How would I go about practicing a fugue? It is the first fugue from the 3rd movement of beethoven's 31st piano sonata. I've gotten to measure 19, but then that trill happens. Plus, I don't think I'm emphasising the subject enough. Can someone help me?


----------



## PetrB

A fugue is a fugue is a fugue, so practice with one of the voices left out (using the fingering) and sing, no matter how well and in what register, the missing voice. Shuffle that up, leave another voice out you will sing while playing the others.
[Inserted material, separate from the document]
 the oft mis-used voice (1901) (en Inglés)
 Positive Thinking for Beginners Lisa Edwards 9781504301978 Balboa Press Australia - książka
A trill is more directly a matter of finger technique - depending upon the fingering, your hand, etc. 
For that, it is time to ask a teacher: whether you have a teacher or not, you can make a single appointment with one to inquire about a small list of well-thought out questions before you go for that one session.


Best regards.


----------



## guy

Thank you, and I will attempt this as best as I can. I do have a teacher, and I will ask her at my next lesson with her. Thanks!


----------



## hreichgott

I would think it makes sense to keep the emphasis on the upper voice from its entrance until that trill and big cadence. The upper voice has the subject anyway. At the conclusion of the cadence the LH will come in with the subject like gangbusters so it would make a nice contrast.

Edit: just listened to Takacs and Goode here -- both emphasize the upper voice including trill at that spot -- Goode emphasizes the upper voice from its entrance until the cadence, while Takacs actually makes more of the middle voice while the upper voice is playing its entrance, then brings out the upper voice once it starts playing those little downward-moving repeats of the last few notes of the subject.


----------



## Chordalrock

I'm late to the party but, someone has to say it: emphasising the subject in a fugue -- at least any fugue whose roots are in Bach -- is un-historical, incorrect approach, and boring and wrong. I know everybody does it, but that's only to say doing the opposite is even more important than it would otherwise be.


----------



## Jonathan Wrachford

guy said:


> How would I go about practicing a fugue? It is the first fugue from the 3rd movement of beethoven's 31st piano sonata. I've gotten to measure 19, but then that trill happens. Plus, I don't think I'm emphasising the subject enough. Can someone help me?


wow! you must be really good! I've never played any fugues though, sorry, just want to tell you to keep up.


----------



## Matsps

How do you practice a fugue? *Slowly*


----------